I won't say anything for this chapter, except that I'm proud of the last part and feel a great emotional connection to it.

Enjoy.

-

Chapter 13

The forgotten dream

Katara pov.

They were moving at a rational speed, nothing putting too much pressure on a pregnant woman – a pregnant woman, who was deadly sick because of the firebender growing inside her.

She looked paler than usually, and she would suddenly faint out of nowhere. Sometimes she'd spontaneously fall to the ground in screams, holding her hands to her stomach or throat. It wasn't something that happened every day, but maybe once a week. But at some point she would be so sick, that she couldn't leave her room anymore.

Zuko seemed to be thinking the same. He raised his hand towards Mai, holding a red fire lilly.

Katara flipped the curtain so it cut off her view.

"Easy there, princess," Toph said.

Katara turned towards her with burning eyes. Even if the blind girl couldn't see her frustration, it was one way to get it out.

"Why are you so uptight, anyway?"

Katara shook her head. "You wouldn't understand."

With a snort Toph hammered her foot in the floor, making a stool made of stone to appear out of the floor, forcing Katara to sit down.

"Try me."

Katara pouted, fiddled with her hands, meddled with her hair, smoothed out her skirt.

"He's forgotten me," she murmured.

"Who? Wonderboy? Naah, he's just doing what's right," Toph said.

"Doing what's right?" Katara exclaimed. "Forgetting your pregnant wife is right?"

"That's not what I'm saying," Toph tried to correct calmly.

"Well, I'm sorry I can't be as open-minded and indulgent as you are, but –"

"Zuko is afraid Mai might die. Doesn't it make sense for him to spent time with her?"

It was like Toph had planted a fit in the middle of Katara's face. She felt numbed by the words.

When Katara first became pregnant, Zuko pretty much forgot all about everyone else and concentrated about her. She'd felt important and loved. Now he was doing the same thing towards Mai. Mai had to be feeling the same way as Katara had.

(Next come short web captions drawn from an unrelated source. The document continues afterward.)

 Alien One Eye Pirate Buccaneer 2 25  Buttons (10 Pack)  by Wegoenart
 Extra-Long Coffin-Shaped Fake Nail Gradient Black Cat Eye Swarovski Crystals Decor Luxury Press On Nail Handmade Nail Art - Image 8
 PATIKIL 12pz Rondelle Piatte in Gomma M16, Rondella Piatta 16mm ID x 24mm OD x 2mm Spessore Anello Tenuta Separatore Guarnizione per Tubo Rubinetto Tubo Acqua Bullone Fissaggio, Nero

Was Katara feeling the same way as Mai had before?

She shook her head ran her hand through her curly hair, thinking about the situation from as many aspects as she could, which didn't go very well. Love was irrational, and it made on incapable of seeing other sides than one's own.

"Can Mai really die?" Katara asked.

"I trained with her a little while ago, and her heart was acting really strange. If she puts too much pressure on her body, I think she could die even before she gets to the point in her pregnancy that you are at now."

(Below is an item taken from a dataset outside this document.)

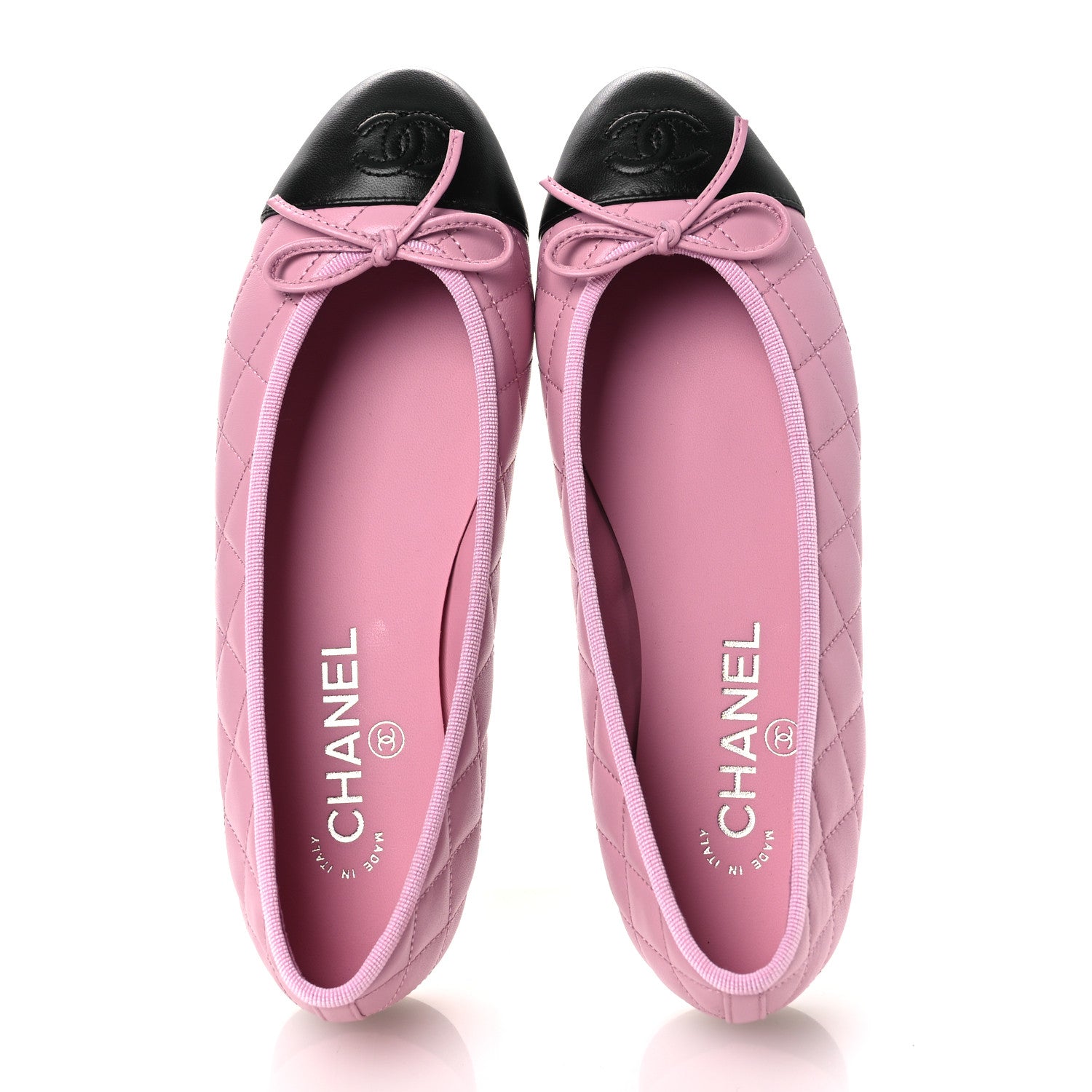 Lambskin Quilted CC Cap Toe Ballerina Flats 37 Light Pink Black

Katara shuddered. To think that Mai didn't have much time left … To think that she'd soon be gone … It was weird, and it was creepy. She couldn't be happy about it, even if it meant that she would get Zuko for herself. It was wrong that things was going this way.

"Poor Zuko," she murmured.

"Poor Zuko?" Toph asked. "I'd rather say 'poor Mai'!"

Katara shrugged and looked away.

She didn't have much to pity that woman.

-

"And then he said that if she was sane, then he'd eat five bowls of fire flakes without drinking nanything afterwards," Sokka finished, cracking up, holding his stomach, and trying to hold back hysterics.

Katara and Suki both looked at him with raised eyebrows.

"I still don't get your humor," Katara finally concluded. She shook her head.

Suki sighed in relief and grabbed Katara's arm. "I'm so glad that I'm not alone any more. I get to relax from that airhead."

"Hey!" Sokka shouted, jumping in front of them. "Don't insult me when I'm right there!"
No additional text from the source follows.